The cold winter conditions in south Germany, where he was imprisoned, made struggling to survive even worse, he added.

Finally, British troops attacked, causing the German soldiers to flee, he said.

“The British took us out of the camp," Radish said. “They gave us free uniforms and showers.”

Radish shared his story Saturday during a program in which he and a handful of other World War II veterans were honored for their service in the Battle of the Bulge, a conflict that played a pivotal role in World War II and remains among the most lethal in American history.

Nineteen thousand Americans died fighting to quash the last great German offensive of the war, a desperate drive on Hitler’s orders through the Ardennes region of Belgium and France that began in late December 1944.
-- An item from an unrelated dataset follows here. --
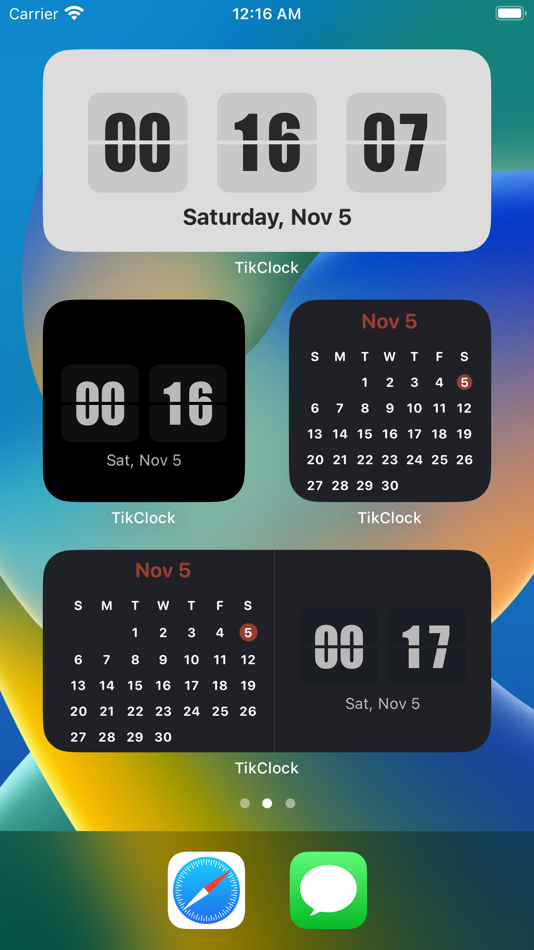 #9. TickClock-Widget flipclock (macOS) 由: 亭 邓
During the battle, Army veteran Eugene Leavy, now 93, of East Northport, said he was assigned to a combat unit to curtail Germany’s Operation Nordwind as the opposition ran out of gasoline and ammunition.

“I saw a lot of bad things,” he said.

More than 180 veterans and residents attended the function at the American Airpower Museum in Farmingdale. There was a panel discussion and a short film about the battle.

“I never realized people were still interested in the war,” Radish, a former buck sergeant, said. 

But Robert Scarabino, who helped organize the program on behalf of the 101st Airborne Living History Group, said it’s important to recognize those who served: "The men that just dropped what they were doing, living in the civilian life and during the (Great) Depression,” he said, referring to soldiers who risked their lives in the war. “Unlike any other generation we’ll ever see again.”